WASHINGTON, D.C. – During the last week of August, the USDA Forest Service hosted a study tour on pasture and rangeland management for a delegation from Uzbekistan. The program was organized and led by Rangeland Management Specialist Angela Safranek of the Pike and San Isabel National Forest & Cimarron and Comanche National Grasslands.
The visiting delegation included researchers, foresters and engineers from various Uzbekistan forestry and land management agencies. Hosted by the Pike and San Isabel National Forest & Cimarron and Comanche National Grasslands, participants visited the Black Mountain Restoration Project Site on the South Park Ranger District, Browns Canyon National Monument (co-managed by the Forest Service and the Bureau of Land Management), the Comanche Ranger District, and Devil’s Hole Restoration Project Site. The group also visited two private ranches: Badger Creek Ranch and Gail and Mille Allen’s Broken Spear Ranch. The program was sponsored by the Food and Agriculture Organization of the United Nations.
The group and hosts discussed the USDA Forest Service and partners’ approach to developing integrated landscape-level strategies for balancing economic, social and cultural opportunities with the need to maintain the health and integrity of the ecosystem. Participants had the opportunity to learn about the federal agencies’ efforts to develop diverse partnerships to support our pasture and rangeland management work. In multiple site visits, participants observed active management approaches, including a variety of grazing strategies and infrastructure improvements for water and fencing. The delegates explored restoration strategies such as rotational grazing, prescribed fire, watershed restoration and seeding. The Forest Service hosts showcased the multiple use management approach, demonstrating how grazing can be managed alongside activities including nature-based tourism and other uses.

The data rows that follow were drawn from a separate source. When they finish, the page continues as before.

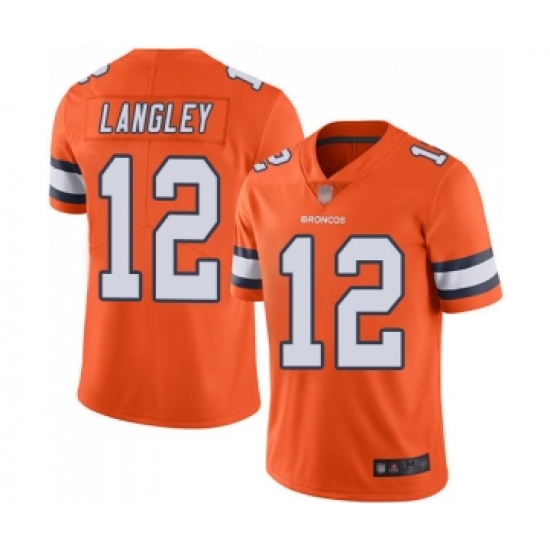 Youth Denver Broncos #12 Brendan Langley Limited Orange Rush Vapor Untouchable Football Jersey - Ujersey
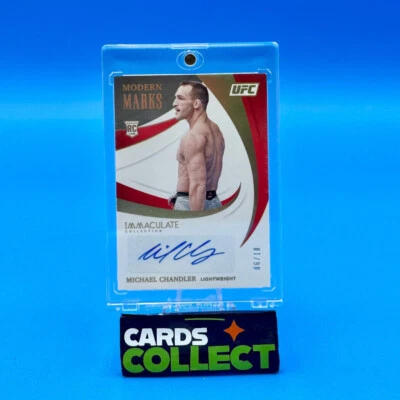 Michael Chandler 2021 Panini Immaculate UFC Modern Marks Gold Auto Card 6/10 - Image 1 of 2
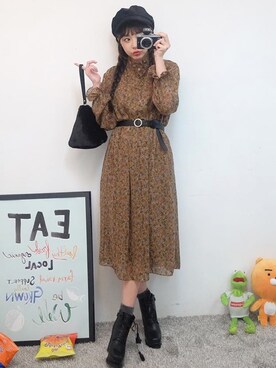 o.kisybobbyさん（レディース・158cm）の冬コーディネート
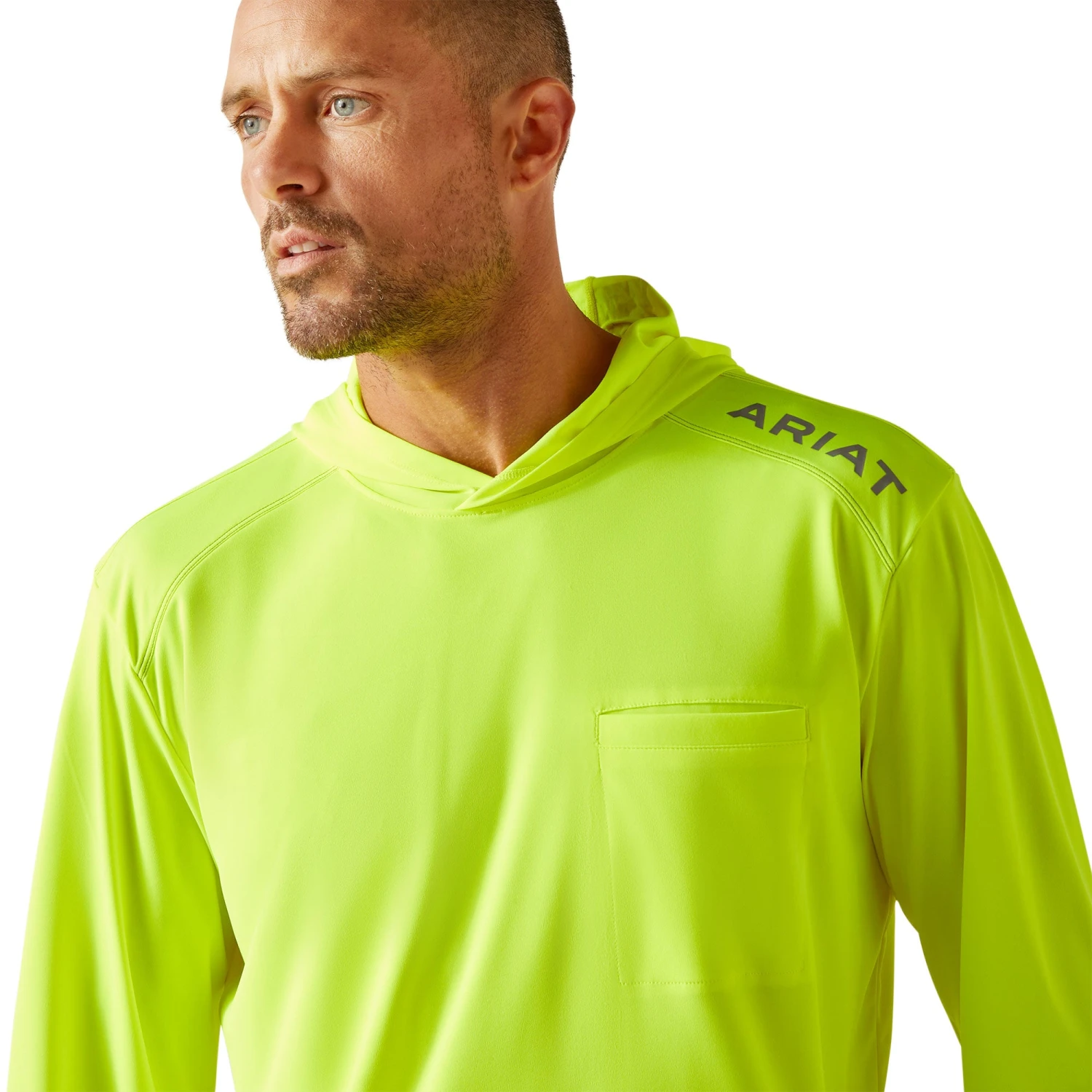 Ariat Men's Rebar Safety Yellow Sunblocker Shirt 10048978 4 Ariat Men's Rebar Safety Yellow Sunblocker Shirt 10048978 - Image 4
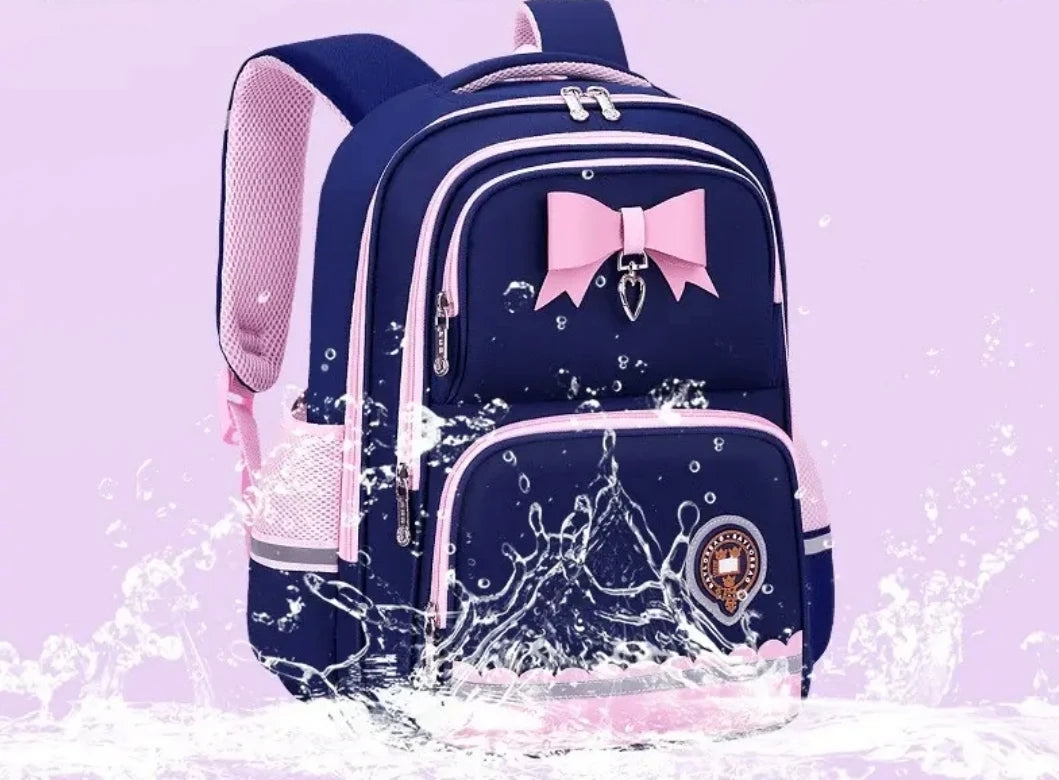 Lily Oxford school backpack straps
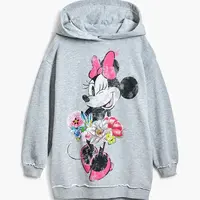 Dívčí šaty Desigual šedá barva, mini, oversize, 25SGVK23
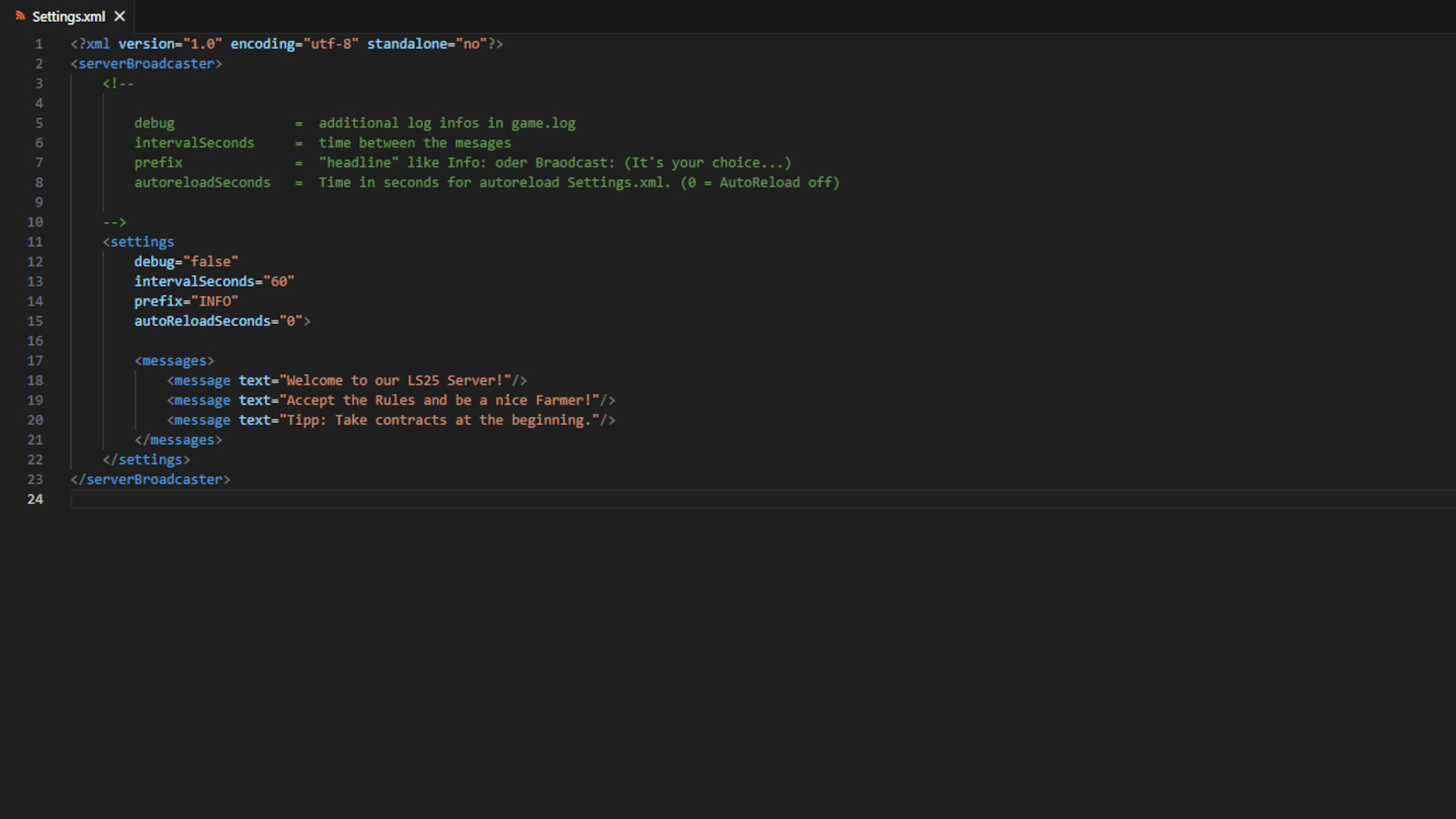 EBC2 Server Messages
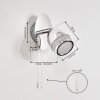 Morges Muurlamp LED Chroom, 1-licht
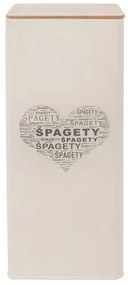Orion Szív fém spagetti doboz , 11,5 x 11,5x 28,5 cm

During the program, participants observed various rangeland management practices with an emphasis on those used on public lands. Through field visits and facilitated discussion with technical experts, land and livestock owners, and government representatives, the groups learned multiple planning and assessment tools as well as techniques to address rangeland restoration and ecosystem health. The delegates also shared their experiences with their hosts and are looking forward to implementing many of the valuable practices that they learned at home.